Stage 2: selective marker pass (only if needed)
Read source.md. If the algorithm is fully captured by the pseudocode and
prose, stop here — most solver papers don't need stage 2.
Run stage 2 only when one of these is true on a specific page:
- A derivation matters and the equations are unreadable garbage.
- A figure (e.g. trust region geometry, line search illustration) is referenced
in the algorithm description and needs to actually be visible.
- A table of constants or hyperparameters is critical and got dropped.
task ingest-paper-pages NAME=<slug> PAGES="<0-indexed-pages>"
Pages are 0-indexed (marker's convention). Examples:
PAGES="3" — just page 4 of the paper (PDF page index 3)
PAGES="3-5" — pages 4 through 6
PAGES="3,7-8" — page 4 plus pages 8-9
Output: references/<slug>/source.marker.md. Slow — ~minutes per page on
CPU. First run also downloads ~2-3 GB of marker models.
After ingestion: write NOTES.md
Create references/<slug>/NOTES.md with at minimum:
# <Paper title>
- **Source:** <URL or citation>
- **License of any reference impl studied:** <BSD/MIT/Apache → safe to study;
GPL/LGPL → study for understanding only, implement from paper>
- **Stage 2 pages:** <which pages got the marker pass, or "none">
- **Parser quirks:** <anything weird worth knowing for next time>
- **Algorithm sections:** <pointers like "Algorithm 2 on p. 5 is the main loop">
This is the bridge document between the paper artifacts and the eventual
src/solver/<slug>.rs. It also feeds back into the "Optimization ideas"

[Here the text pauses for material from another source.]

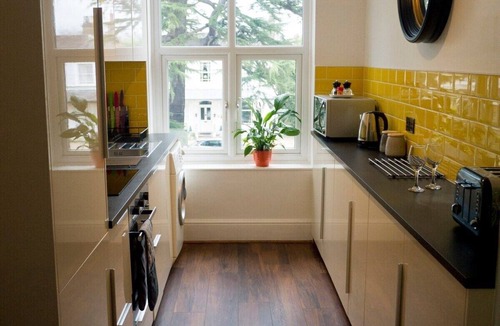 Leamington Spa Apartment | Modern spacious town centre serviced apartment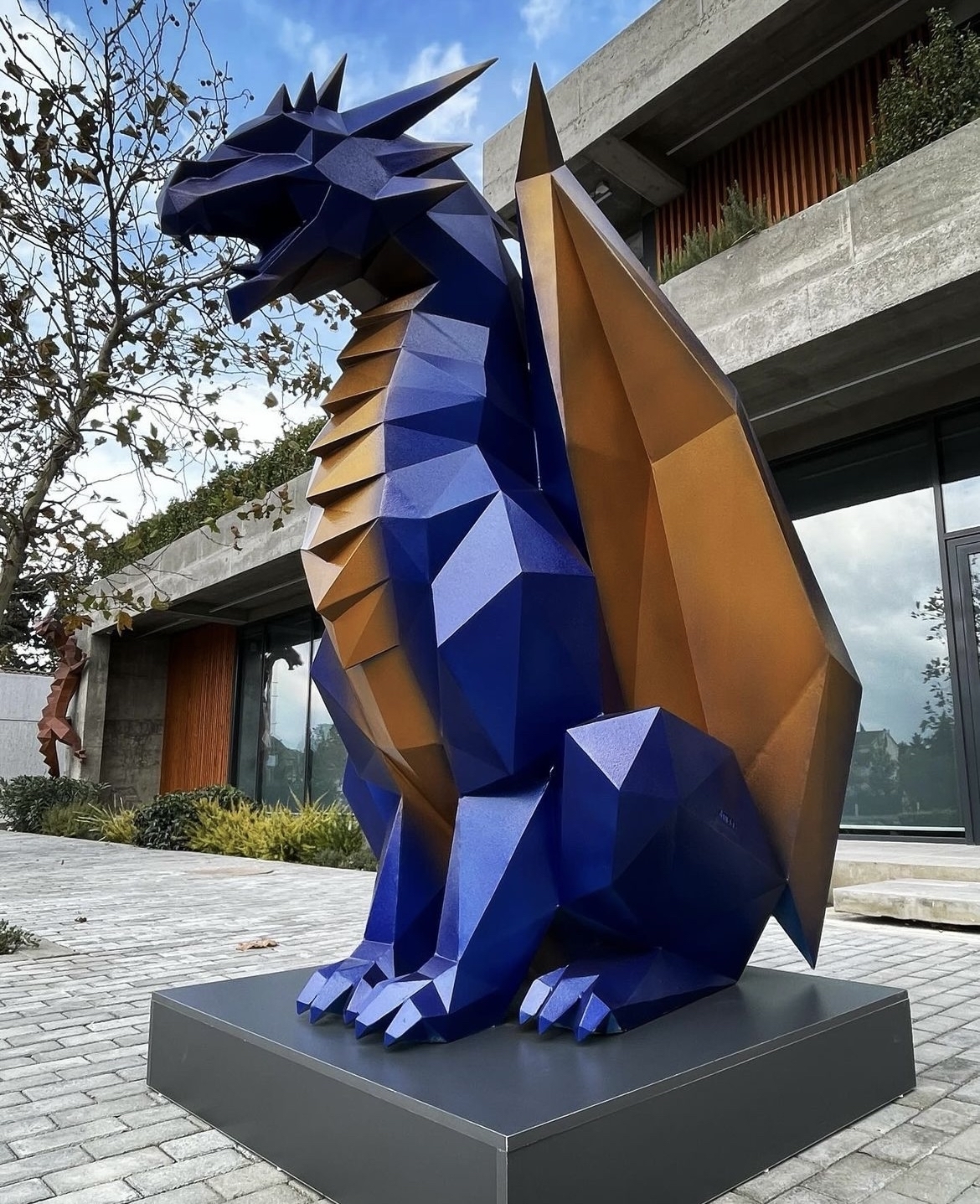 Polygonal sculpture with rust effect. Assembly of large and small dragon Installed in Baku - Sculpture, Metal products, Low poly, 3D modeling, Longpost, The Dragon, The photo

section below — every time the parser does something annoying, the answer
might be a tooling improvement.
Licensing rule (load-bearing)
Reference implementations from other libraries are read for understanding
only. Translate from the paper, not line-by-line from the code, unless the
license is BSD/MIT/Apache-compatible with basin's MIT license.
- GPL / LGPL (R packages, GSL, most LAPACK/MINPACK derivatives) → no port.
Study for understanding only.
- BSD / MIT / Apache / MPL2 (SciPy, Ceres, Eigen) → can port with
attribution in
NOTES.md.
If unsure, write the algorithm from the paper's description; don't look at
the reference code while writing the Rust.
Optimization ideas (for future-you)
The pipeline is unproven. Record concrete pain points here as you hit them
and revisit when several have accumulated:
When adding to this list, prefer concrete observed pain over speculative
improvements. A TODO with a specific paper that hit the issue ("the L-BFGS
paper's Algorithm 7.4 came out as Algorithm[7][.][4]") is more actionable
than a vague "math could be better."